The same question was also decided in Adlinglon vs. Cann, 3 Atk., 141.

An exception to this general rule, which excludes informal papers and parol evidence, has been recognized 3n ,; cases where the testator devises or bequeaths property to a party, under an agreement or understanding that he would hold it in trust for another. In such cases, Courts will not permit the devisee to rely upon the Statute, for the purpose of perpetrating a fraud. It was upon this principle that Podmore vs. Gunning, 10 Eng. Ch. Rep., 247, and other cases of that class were decided.

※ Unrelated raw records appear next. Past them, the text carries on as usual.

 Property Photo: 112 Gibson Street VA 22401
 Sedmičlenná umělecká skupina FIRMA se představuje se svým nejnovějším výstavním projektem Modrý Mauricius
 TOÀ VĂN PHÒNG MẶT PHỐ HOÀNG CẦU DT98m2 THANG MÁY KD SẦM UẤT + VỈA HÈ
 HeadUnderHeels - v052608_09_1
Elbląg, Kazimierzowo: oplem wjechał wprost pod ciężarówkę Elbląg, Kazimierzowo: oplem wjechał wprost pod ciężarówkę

Another exception has been admitted, where the law raises a trust by presumption. Before the Statute, 1 William IV, ch. 40, the executor was entitled to the undisposed of residuary estate, but it was held that whenever there was a bequest to the executor, the law raised a presumption that he was to hold the residue of the estate for the next of kin or parties entitled. In such cases it has been held that parol evidence is admissible for the purpose of rebutting the trust, but it has scarcely ever been received without eliciting some expression of disapprobation. There is certainly no disposition on the part of the Courts to extend the exceptions.

Where, however, the trust results by operation of law, as for instance, where there is a devise or bequest to a person “upon trust,” and no trust is declared, or upon certain trusts that are too vague to be executed, or upon trusts to be thereafter declared and no declaration is made, or upon trusts that are unlawful, in such cases, a trust results to the heirs at law or personal representatives, and *168extrinsic evidence will not be received. Lewin on Trusts, 183; Langham vs. Sandford, 17 Ves., 442; Walton vs. Walton, 14 Ves., 322; Rackfield vs. Coreless, 2 P. Wms., 158.

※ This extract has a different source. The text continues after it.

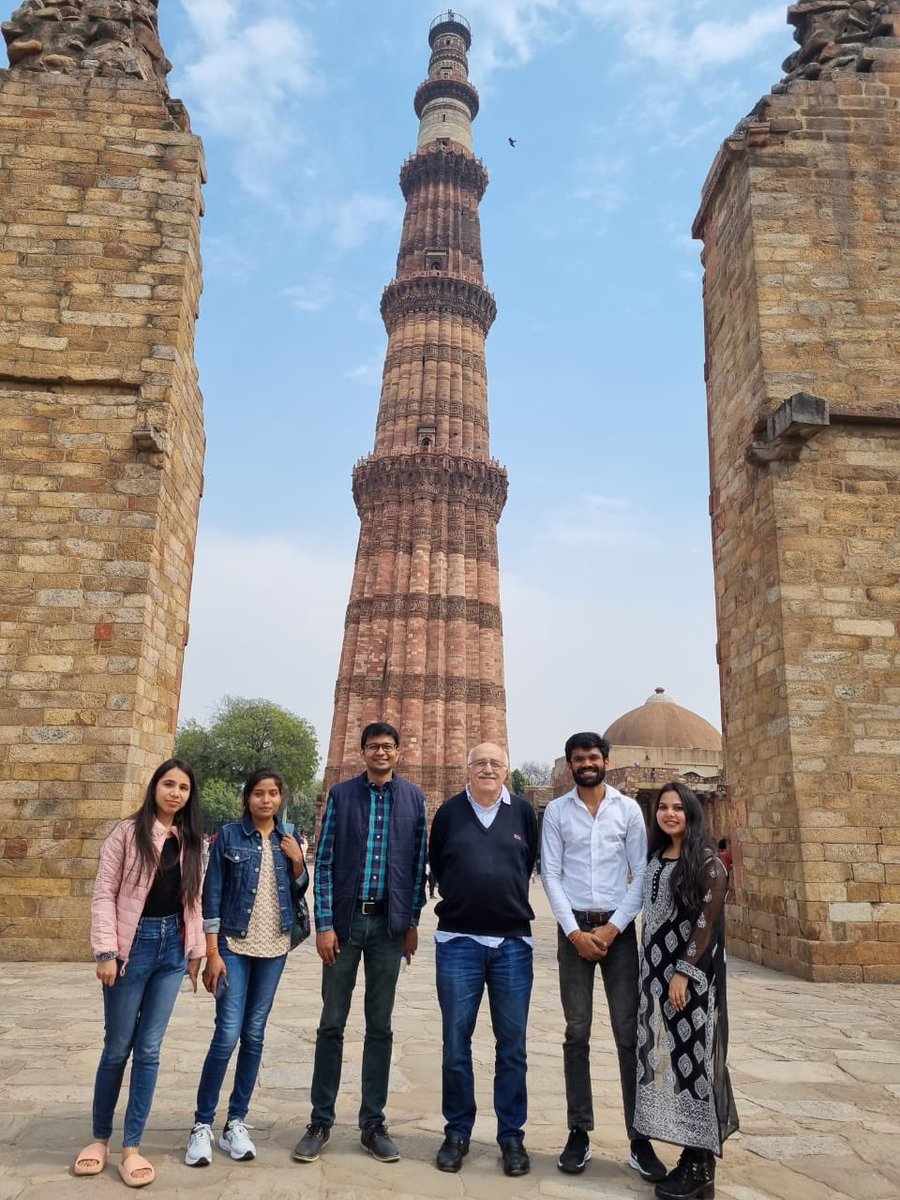 A day tour in Delhi with Professore and my PhD students! Had a wonderful day!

(Decided 28th June, 1869.)

The property in this case being devised and bequeathed to the donees upon trust, the terms of which are not declared in the will, it must follow that a trust arises by operation of law in favor of the heirs of the testator in regard to the real estate, and as to the personal property, in favor of the personal representatives.

The decree of the Court below will, therefore,. be affirmed in part, and reversed in part, and the cause remanded, in order that a decree may be passed in conformity with the opinion of this Court.

Decree affirmed in part, and reversed in part, and the cause remanded. .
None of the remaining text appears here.